There are several recipes to make mousse de maracuja (passion fruit mousse). The easiest involves a tin of condense milk and yields a custardy mousse. But I want mine to be like airy chocolate mousse. Light and full of bubbles, like H said. So after searching high and low and one big failure that ended up straight to the garbage bin, I modified a Lemon Mousse recipe. I figured same tartness, right?

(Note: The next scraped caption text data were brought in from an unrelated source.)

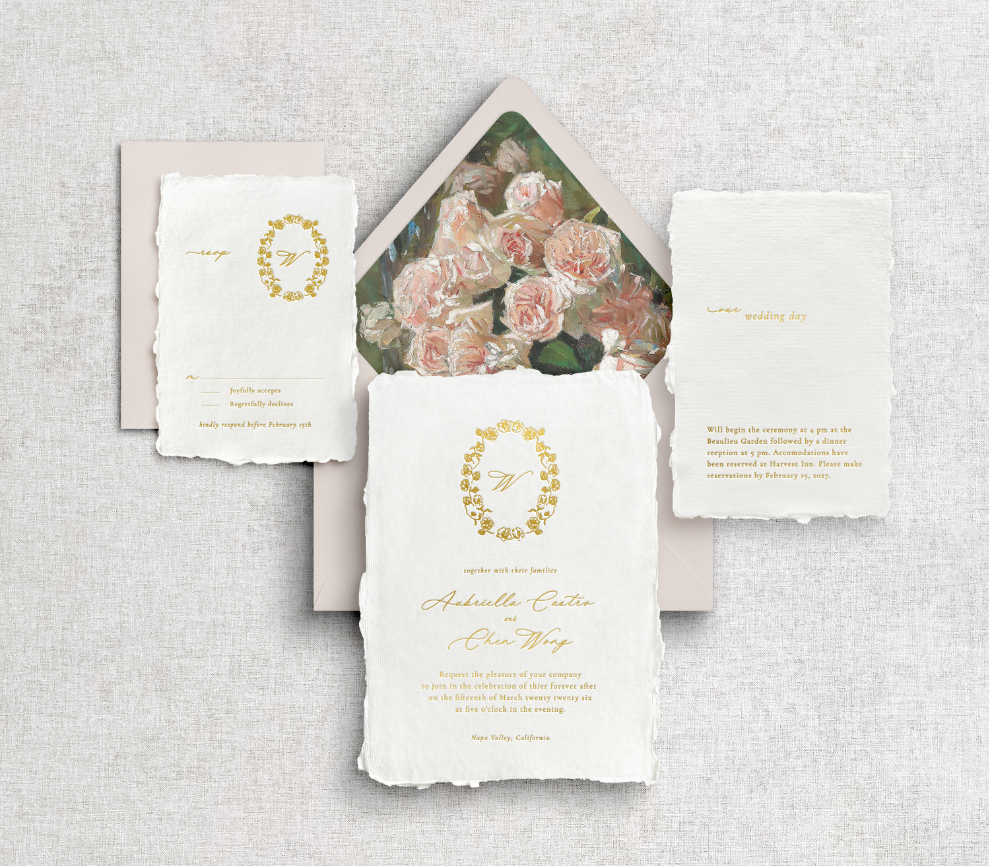 Signature romantic wedding invitation suite with gold foil calligraphy, champagne envelopes, and a vintage rose garden envelope liner on white textured paper.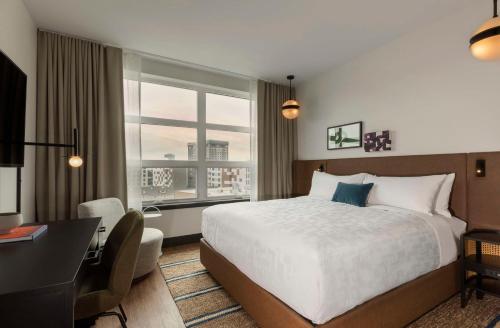 a hotel room with a bed and a desk and a window at Kissel Uptown Oakland, in the Unbound Collection by Hyatt in Oakland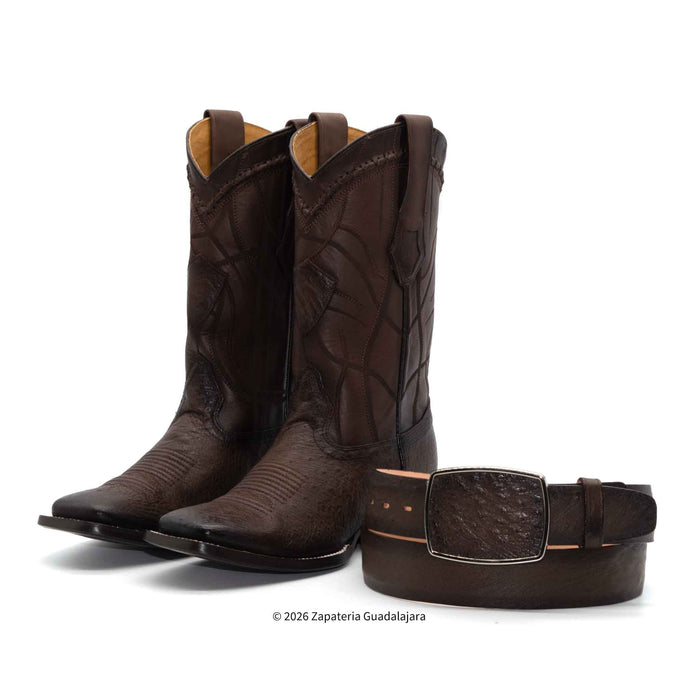 A pair of dark brown textured leather cowboy boots shown with a matching dark brown leather belt featuring a large embossed buckle, set against a plain white background.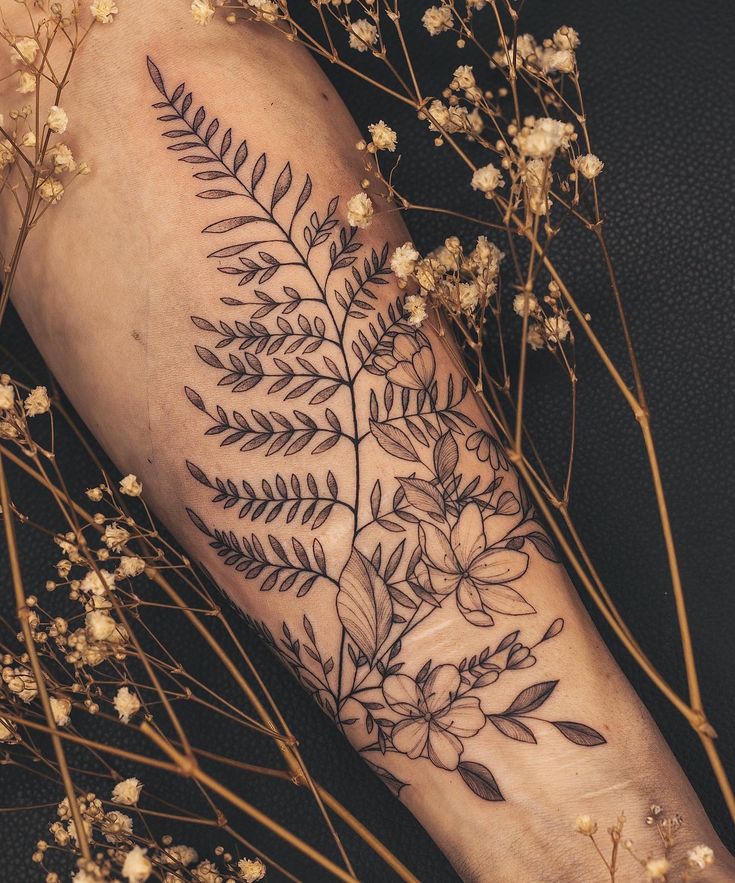 a black and white photo of a flower tattoo on the left arm, with flowers in the background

But importantly, the lemon mousse recipe starts with fresh lemon juice, that I simply substitute with fresh passion fruit juice.
Depending how ripe (and sweet) your passion fruits are, you might want to modify the sugar quantity.
PASSION FRUIT MOUSSE
(adapted from Indian Simmers)
yield 6-7 serving
3 extra-large whole eggs
3 extra-large eggs, separated
1 cup + 1 tbsp sugar
1/2 cup fresh passion fruit juice – about 6 passion fruits
1 cup heavy cream
- Break three eggs in a heat-proof bowl. Now separate the remaining three eggs and add the yolks into the same bowl and put the white on another bowl for later.

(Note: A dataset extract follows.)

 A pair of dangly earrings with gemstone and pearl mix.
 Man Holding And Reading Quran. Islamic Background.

- Into the egg & yolk bowl, add 1 cup sugar, passion fruit juice, and a pinch of salt. Place the bowl over a pan of simmering water and cook, stirring constantly with a whisk.
- Whisk until the mixture has become a (slightly) runny custard. I probably spent 15 mins or more whisking. Just make sure it’s not runny, but not as thick as lemon curd sold in jars because once it cool down, it will thicken further.
- Let it cool down for 15 mins and cover with cling wrap directly on the surface. Put into fridge for 1-2 hrs.
- Take out the egg whites from before, add a pinch of salt and beat until soft peaks. Add the 1 tbsp sugar and beat further till stiff peaks and shiny. Set aside.
- In another bowl, beat the cream until stiff peaks.
- Transfer the egg whites and cream into the passion fruit custard and fold. Chill for few hours before serving.